Behavior change in Datasets 4.x: audio is decoded on access via TorchCodec + FFmpeg. Older 3.x used a different backend. Printing an example decodes it. (Hugging Face)
New runtime requirements: TorchCodec expects FFmpeg on the system and a compatible torch version. The README documents FFmpeg support and the torch↔torchcodec matrix. (GitHub)
Windows caveat: initial 4.0 release notes warned “not available for Windows yet; use datasets<4.0.” This explains why your previously working Windows setup started failing after upgrade. (GitHub)

Typical root causes

FFmpeg missing or wrong major. TorchCodec supports FFmpeg majors 4–7 on all platforms, with 8 only on macOS/Linux. Missing or mismatched DLLs yields your exact probe sequence. (GitHub)
Torch↔TorchCodec mismatch. Use the official matrix. Example: torchcodec 0.7 ↔ torch 2.8; 0.8 ↔ 2.9. (GitHub)
Fresh 4.0 regressions. Multiple reports show 3.x works then 4.x fails until TorchCodec+FFmpeg are added and versions pinned. (GitHub)

Fixes and workarounds

Pick one path. Keep it pinned.

A) Fastest unblock on Windows

# Downgrade Datasets to pre-TorchCodec behavior
pip install "datasets<4.0.0"  # release notes flagged Windows not ready
# https://github.com/huggingface/datasets/releases/tag/4.0.0

(GitHub)

B) Stay on Datasets 4.x and make it work

# Windows CPU: install FFmpeg and match versions
conda install -c conda-forge "ffmpeg<8"        # README recommends conda FFmpeg
pip install "torch==2.8.*" "torchcodec==0.7.*" # matrix: 0.7 <-> 2.8
# https://github.com/meta-pytorch/torchcodec#installing-torchcodec

If you need CUDA on Windows, use the experimental conda package:

conda install -c conda-forge "ffmpeg<8" "torchcodec=*=*cuda*"
# https://github.com/meta-pytorch/torchcodec#installing-cuda-enabled-torchcodec

(GitHub)

C) Linux or Colab

# Colab VM or Linux
apt-get update && apt-get install -y ffmpeg
pip install -U "datasets[audio]" "torch==2.8.*" "torchcodec==0.7.*"
# HF docs: audio decoding uses TorchCodec + FFmpeg
# https://huggingface.co/docs/datasets/en/audio_load

(Hugging Face)

D) Bypass decoding while you train

Avoid TorchCodec until your env is fixed.

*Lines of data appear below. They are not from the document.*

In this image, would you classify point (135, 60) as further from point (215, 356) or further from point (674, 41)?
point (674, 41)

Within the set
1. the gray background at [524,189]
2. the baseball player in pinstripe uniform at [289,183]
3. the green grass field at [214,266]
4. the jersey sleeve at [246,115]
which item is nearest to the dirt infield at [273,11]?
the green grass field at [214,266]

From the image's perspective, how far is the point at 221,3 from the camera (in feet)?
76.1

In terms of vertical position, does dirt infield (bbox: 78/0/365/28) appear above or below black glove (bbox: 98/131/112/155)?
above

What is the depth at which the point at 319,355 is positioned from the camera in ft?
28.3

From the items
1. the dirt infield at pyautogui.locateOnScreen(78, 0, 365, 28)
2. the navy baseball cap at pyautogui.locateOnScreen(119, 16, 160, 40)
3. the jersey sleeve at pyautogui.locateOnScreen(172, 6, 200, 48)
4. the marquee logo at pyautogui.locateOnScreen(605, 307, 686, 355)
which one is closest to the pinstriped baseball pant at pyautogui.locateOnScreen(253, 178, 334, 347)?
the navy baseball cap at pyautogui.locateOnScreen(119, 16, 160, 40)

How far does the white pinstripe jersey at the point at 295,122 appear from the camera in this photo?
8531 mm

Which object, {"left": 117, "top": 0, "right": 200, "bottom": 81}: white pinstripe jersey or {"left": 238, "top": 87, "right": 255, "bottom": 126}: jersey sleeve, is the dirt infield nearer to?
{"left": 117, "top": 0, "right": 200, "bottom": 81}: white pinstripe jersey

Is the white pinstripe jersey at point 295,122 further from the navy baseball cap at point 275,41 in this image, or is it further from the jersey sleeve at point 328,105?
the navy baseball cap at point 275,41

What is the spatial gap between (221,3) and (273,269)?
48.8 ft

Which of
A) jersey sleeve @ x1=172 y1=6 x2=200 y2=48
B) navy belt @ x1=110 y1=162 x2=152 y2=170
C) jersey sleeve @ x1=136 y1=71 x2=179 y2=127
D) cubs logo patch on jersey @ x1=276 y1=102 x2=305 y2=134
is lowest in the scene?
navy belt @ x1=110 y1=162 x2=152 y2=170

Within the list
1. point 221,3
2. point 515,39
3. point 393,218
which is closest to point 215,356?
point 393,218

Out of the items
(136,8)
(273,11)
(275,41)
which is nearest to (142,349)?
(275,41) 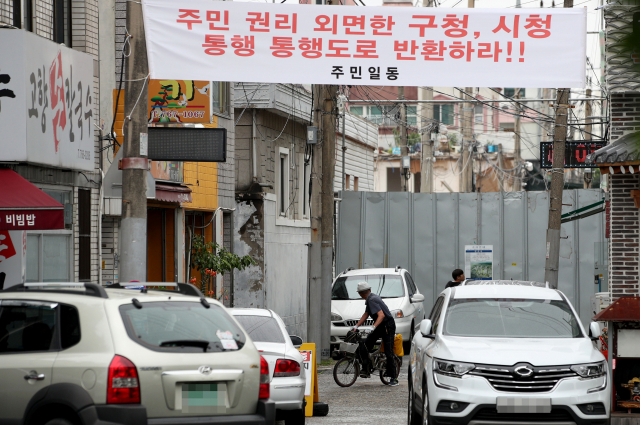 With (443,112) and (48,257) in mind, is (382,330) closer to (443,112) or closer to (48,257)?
(48,257)

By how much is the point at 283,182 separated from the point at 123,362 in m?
19.5

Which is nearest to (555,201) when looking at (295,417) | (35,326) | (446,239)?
(446,239)

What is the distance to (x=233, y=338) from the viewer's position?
6578 mm

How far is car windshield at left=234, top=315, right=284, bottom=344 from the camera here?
10172 millimetres

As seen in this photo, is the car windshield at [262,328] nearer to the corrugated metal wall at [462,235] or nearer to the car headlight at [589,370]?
the car headlight at [589,370]

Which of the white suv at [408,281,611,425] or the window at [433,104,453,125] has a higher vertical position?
the window at [433,104,453,125]

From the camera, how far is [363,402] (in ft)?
42.1

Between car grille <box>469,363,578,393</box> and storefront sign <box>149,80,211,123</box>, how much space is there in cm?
866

from datasets import Audio
# Option 1: disable globally
ds = ds.decode(False)  # https://huggingface.co/docs/datasets/en/package_reference/main_classes#datasets.Dataset.decode
# Option 2: disable per column
ds = ds.cast_column("audio", Audio(decode=False))  # https://huggingface.co/docs/datasets/en/about_dataset_features

These return paths/bytes rather than decoded arrays, so printing items won’t invoke TorchCodec. (Hugging Face)

Sanity checks

python - <<'PY'
import subprocess, sys
import torch
print("python:", sys.version)
print("torch:", torch.__version__)
try:
    import torchcodec
    print("torchcodec:", torchcodec.__version__)
except Exception as e:
    print("torchcodec import failed:", e)
subprocess.run(["ffmpeg", "-hide_banner", "-version"])
PY
# Matrix and FFmpeg policy:
# https://github.com/meta-pytorch/torchcodec#installing-torchcodec

(GitHub)

Context from your linked thread

Your screenshots show Datasets 4.x decoding an Audio column, TorchCodec probing FFmpeg 7→6→5→4, then failing. That matches the new 4.x behavior and the FFmpeg/compatibility requirements above. (Hugging Face Forums)

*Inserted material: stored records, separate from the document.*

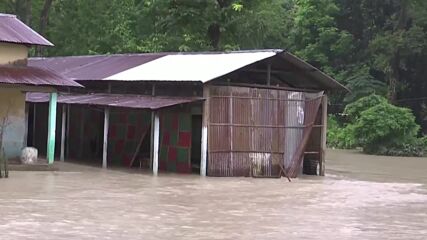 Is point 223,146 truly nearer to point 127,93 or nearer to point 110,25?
point 127,93

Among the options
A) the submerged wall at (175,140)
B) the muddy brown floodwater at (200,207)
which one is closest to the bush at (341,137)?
the muddy brown floodwater at (200,207)

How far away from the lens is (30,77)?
19.8 m

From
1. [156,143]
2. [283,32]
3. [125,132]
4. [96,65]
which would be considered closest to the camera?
[156,143]

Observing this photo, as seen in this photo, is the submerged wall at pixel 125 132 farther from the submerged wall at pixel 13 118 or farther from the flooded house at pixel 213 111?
the submerged wall at pixel 13 118

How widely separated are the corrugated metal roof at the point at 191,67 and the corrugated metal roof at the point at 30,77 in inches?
104

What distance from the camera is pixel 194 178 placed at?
19.8 metres

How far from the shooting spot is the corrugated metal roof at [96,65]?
970 inches

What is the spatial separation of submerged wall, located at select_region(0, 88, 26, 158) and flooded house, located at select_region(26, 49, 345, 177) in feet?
6.87

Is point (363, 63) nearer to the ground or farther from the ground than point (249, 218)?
farther from the ground

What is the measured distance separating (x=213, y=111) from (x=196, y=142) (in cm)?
226

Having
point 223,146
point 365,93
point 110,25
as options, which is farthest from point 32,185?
point 365,93

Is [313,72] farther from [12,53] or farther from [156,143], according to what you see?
[12,53]

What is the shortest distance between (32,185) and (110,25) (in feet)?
87.9

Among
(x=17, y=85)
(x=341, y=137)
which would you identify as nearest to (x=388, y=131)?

Extra references and pitfalls

Release notes roundup: breaking changes, removal of scripts, and the Windows note. Useful if other 4.0 changes surfaced after your upgrade. (NewReleases)
Known mismatch/FFmpeg pitfalls: reports of brew-FFmpeg conflicts and version-mismatch guidance from TorchCodec maintainers. (GitHub)
PyTorch/Torchaudio migration: decoding is consolidating on TorchCodec (load_with_torchcodec exists as a bridge). Aligns your stack with where the ecosystem is going. (PyTorch Documentation)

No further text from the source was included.